En terrain accidenté, l'une des principales difficultés rencontrées par les chercheurs scientifiques consiste à repérer les sites intéressants, à déterminer comment s'y rendre et à communiquer ces informations à une équipe. Avant que les images des White Mountains ne soient mises à jour sur Google Earth, obtenir une vue aérienne montrant clairement des pins Bristlecone spécifiques sur une zone étendue était difficile et coûteux. Toutefois, grâce aux images actualisées de Google Earth, nous pouvons distinguer les arbres les uns des autres, identifier clairement les principaux types de roches, et savoir si les arbres se situent plutôt dans des bosquets touffus ou clairsemés.

Démarche adoptée

Google Earth est devenu un outil de recherche précieux à plusieurs niveaux. Au départ, il nous permettait de visualiser la diversité de ces arbres afin d'étudier les caractéristiques de différents groupes avant de nous rendre sur le terrain. Grâce à la fonctionnalité Polygone de Google Earth, nous avons délimité les groupes d'arbres constitués de grands pins Bristlecone ou de pins flexibles, et les buissons de pins pignons ou de cercocarpus (voir la vidéo). À notre connaissance, il s'agit de la première carte exhaustive portant sur les bosquets de pins Bristlecone dans les White Mountains. Des caractéristiques générales importantes sont tout de suite apparues, comme la densité plus forte des arbres exposés au nord, et les emplacements des rares groupes qui poussaient sur du quartzite ou des substrats granitiques, par opposition à la dolomite habituelle. Cette cartographie préliminaire nous a permis d'identifier des sites prometteurs se trouvant à un jour de marche de la route la plus proche.

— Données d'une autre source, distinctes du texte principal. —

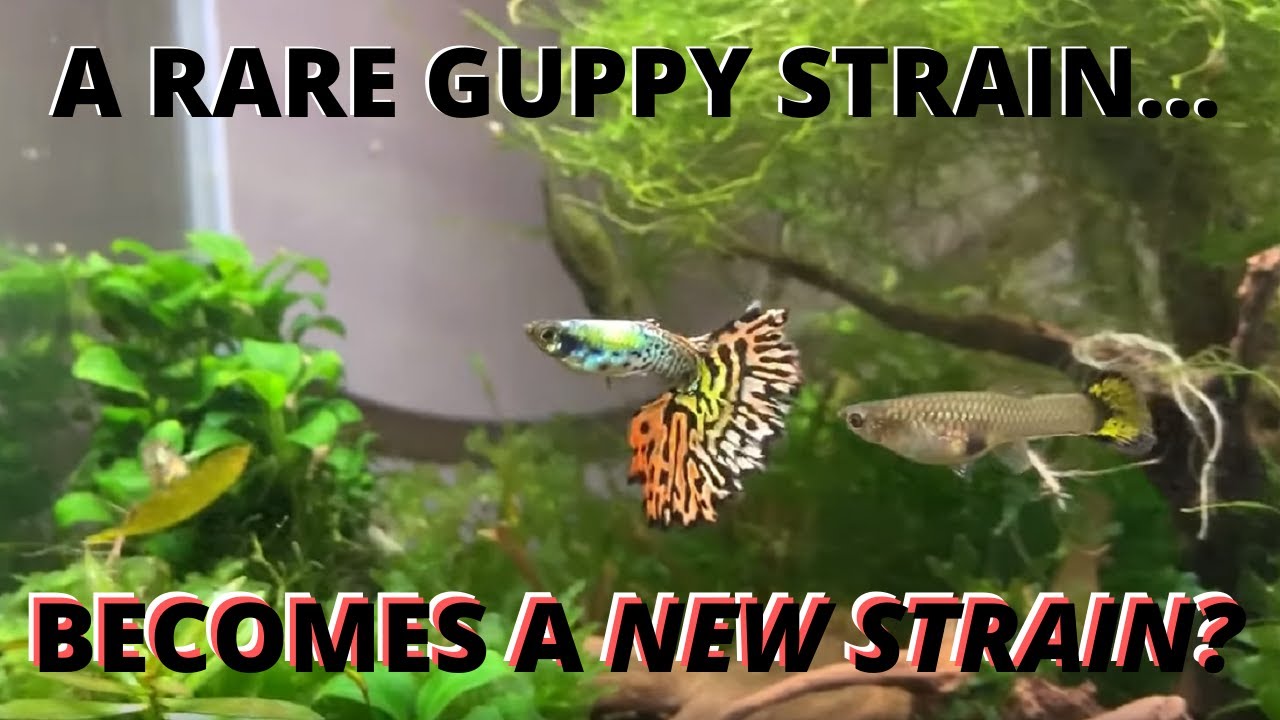 Rare Imported Platinum Galaxy Tiger Guppy Strain IMPROVED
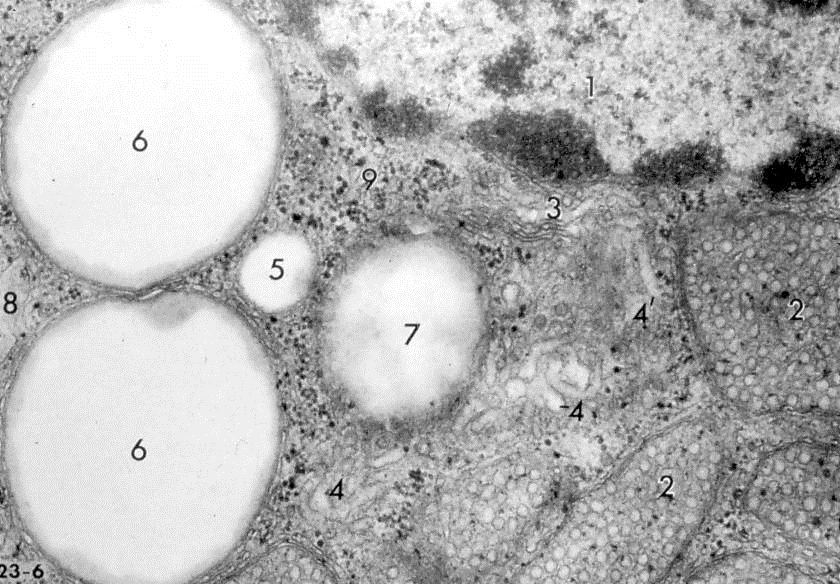 Citoplasma di cellula a secrezione steroidea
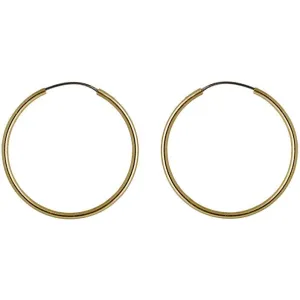 PILGRIM Small Sanne Hoop Earrings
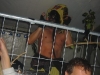 20100129_Ringtreffen_IMG_7476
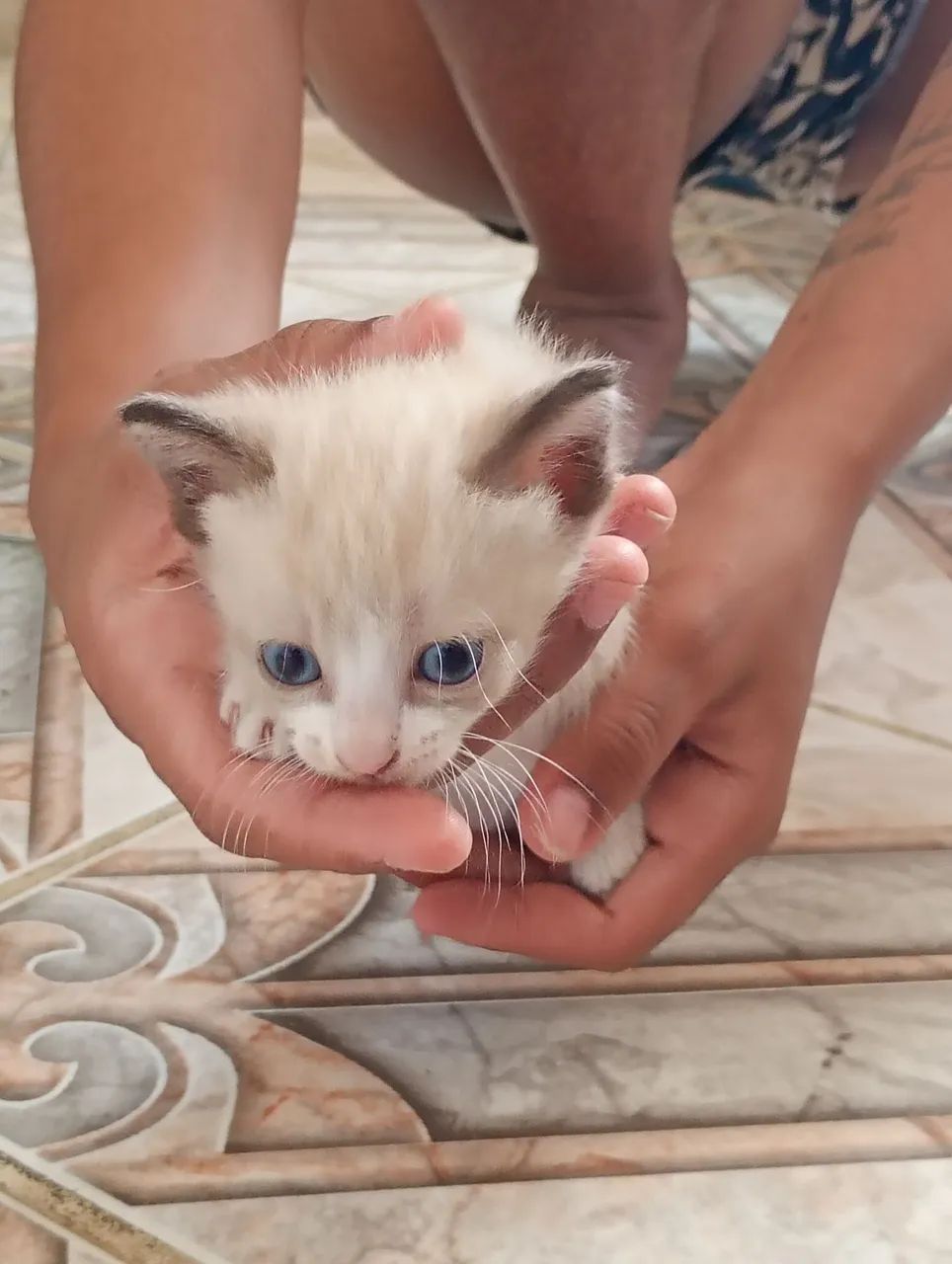 Doação gatinhos  - Foto 4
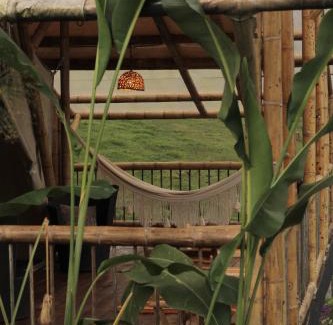 Filandia Other | Flor de Loto - Glamping Filandia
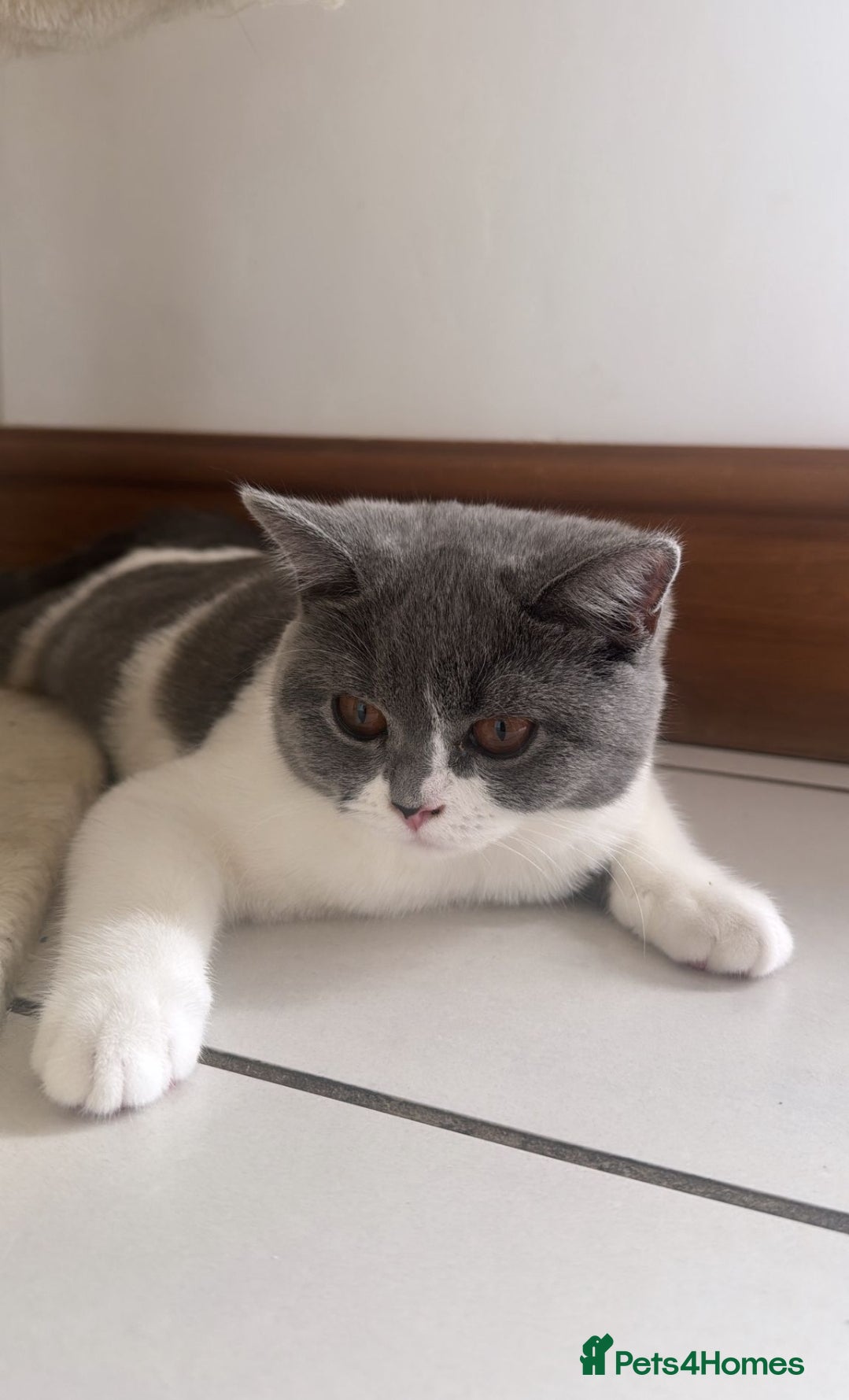 British Shorthair cats Beautiful girl - Advert 16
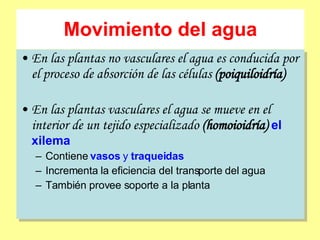 Movimiento del agua En las plantas no vasculares el agua es conducida por el proceso de absorción de las células  (poiquiloidría) En las plantas vasculares el agua se mueve en el interior de un tejido especializado  (homoioidría)   el xilema Contiene  vasos  y  traqueidas Incrementa la eficiencia del transporte del agua También provee soporte a la planta 
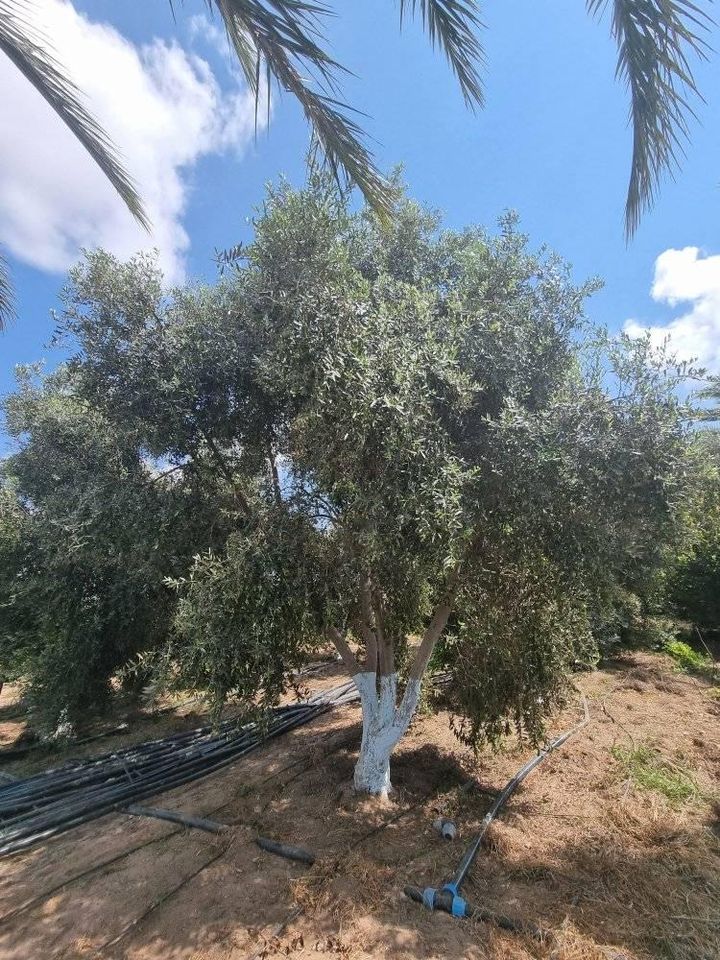 قطعة أرض للبيع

À mesure que notre projet prenait forme, nous avons commencé à utiliser Google Earth tous les jours pendant la période des recherches sur le terrain. Notre stratégie de base consiste à conserver un fichier KML "maître" de tous les points ou sentiers que nous suivons, avec des milliers d'arbres. Tous les membres de notre équipe, ainsi que d'autres personnes du centre de recherche, peuvent y accéder. Nous avons récemment amélioré le système en reliant chaque point à une photo de l'arbre afin de faciliter son identification. Pour ce faire, nous créons d'abord un fichier texte avec une liste de noms d'arbres, les coordonnées GPS, les noms des images et les données associées à chaque arbre (comme son âge, le nombre de cônes, etc.). Nous utilisons ensuite un script PHP qui crée un fichier KML avec des repères sur l'emplacement de chaque arbre. Chaque repère contient une bulle avec la photo et les données associées à l'arbre.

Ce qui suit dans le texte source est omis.